### Work to complete
The data below holds a line containing "WATCH: Woman uses" and a line containing "Une chambre bien"; please quote exactly those two lines and every line between them, and nothing else.

### Listed entries
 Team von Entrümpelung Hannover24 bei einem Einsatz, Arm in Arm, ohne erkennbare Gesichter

--

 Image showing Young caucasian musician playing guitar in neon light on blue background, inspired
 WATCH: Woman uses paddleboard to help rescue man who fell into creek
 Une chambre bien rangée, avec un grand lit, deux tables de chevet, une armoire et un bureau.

* * *

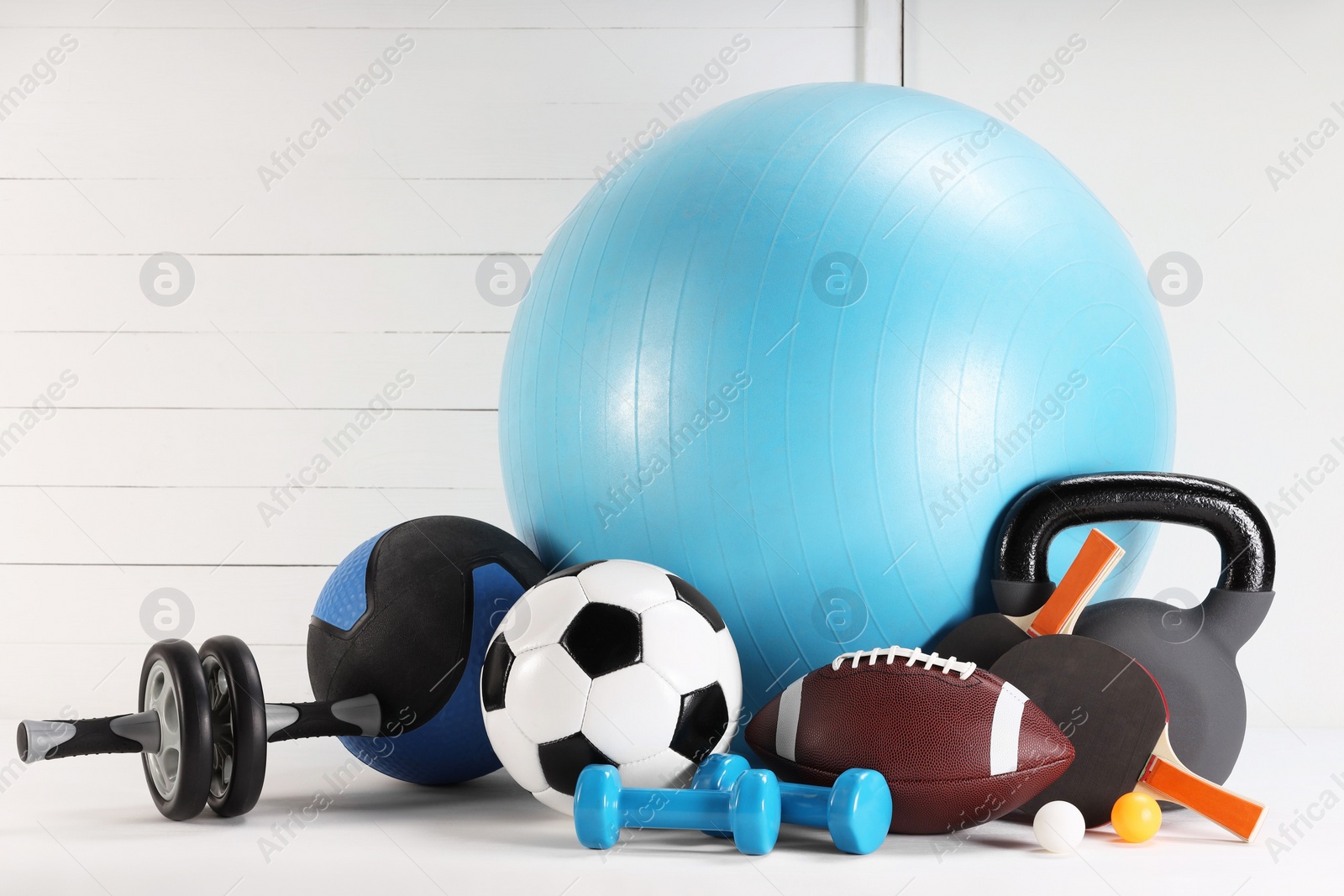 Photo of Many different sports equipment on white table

### Answer for this exercise
 WATCH: Woman uses paddleboard to help rescue man who fell into creek
 Une chambre bien rangée, avec un grand lit, deux tables de chevet, une armoire et un bureau.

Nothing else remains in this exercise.